Gessler abandoned his plan of working part-time for Hackstaff Law Group on Tuesday after voters and his own colleagues at the State Capitol warned it would be disastrous for his office.
People were concerned that his part-time job in Hackstaff Law Group, which specializes in election and campaign law, could pose a major conflict of interest to his governmental duties.
Gessler, who became Colorado's new Secretary of State last month, had announced that he was seeking a part-time job as his $68,500 salary would not be enough to support his family.
The part-time 20 hours a month job at Hackstaff Law Group, he said, would be a great help, he said.
Gessler had also announced that he would ask State Attorney General John Suthers to advise him on the issue.
On Tuesday, Gessler said he was backtracking on his plan.
Over the past two weeks, many have asked that I publicly disclose client names, Gessler said in a statement on Tuesday.
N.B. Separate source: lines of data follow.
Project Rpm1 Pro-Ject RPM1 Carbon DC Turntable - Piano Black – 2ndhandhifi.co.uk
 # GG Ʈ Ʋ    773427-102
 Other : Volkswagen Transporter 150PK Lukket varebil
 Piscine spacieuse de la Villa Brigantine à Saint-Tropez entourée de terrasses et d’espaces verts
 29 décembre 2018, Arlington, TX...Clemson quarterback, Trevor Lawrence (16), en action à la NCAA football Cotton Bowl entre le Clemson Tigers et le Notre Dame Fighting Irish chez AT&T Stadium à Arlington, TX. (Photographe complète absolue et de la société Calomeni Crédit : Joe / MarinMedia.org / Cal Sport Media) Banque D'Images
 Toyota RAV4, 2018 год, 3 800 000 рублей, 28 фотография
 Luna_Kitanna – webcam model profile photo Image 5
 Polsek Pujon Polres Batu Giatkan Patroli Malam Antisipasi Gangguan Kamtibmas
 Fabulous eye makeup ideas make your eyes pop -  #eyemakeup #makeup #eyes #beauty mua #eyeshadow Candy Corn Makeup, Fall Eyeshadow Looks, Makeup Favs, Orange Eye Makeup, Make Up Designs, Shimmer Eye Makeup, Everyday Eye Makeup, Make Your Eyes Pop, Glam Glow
My former law firm has expressed great discomfort with this arrangement. Indeed, I cannot in good conscience expect anyone to subject themselves to public scrutiny, merely because I am doing some legal work for them, Gessler said.
For this reason, I have decided that I will not do any work representing clients through my former law firm. And while I have had substantial discussions with the Attorney General's office about outside employment, I have nonetheless asked the Attorney General to halt work on this issue, he added, as I have decided that I will not go forward with my initial plans.
Gessler, however, did not say whether his recent decision was influenced by any advise Suthers might have made.
Nonetheless, he did say that his announcement doesn't mean he won't do any part-time work at all.
Gessler, a graduate from University of Michigan School of Law, is now considering teaching at the University of Colorado and University of Denver law schools and hasn't also completely ruled out the possibility of working for another law firm.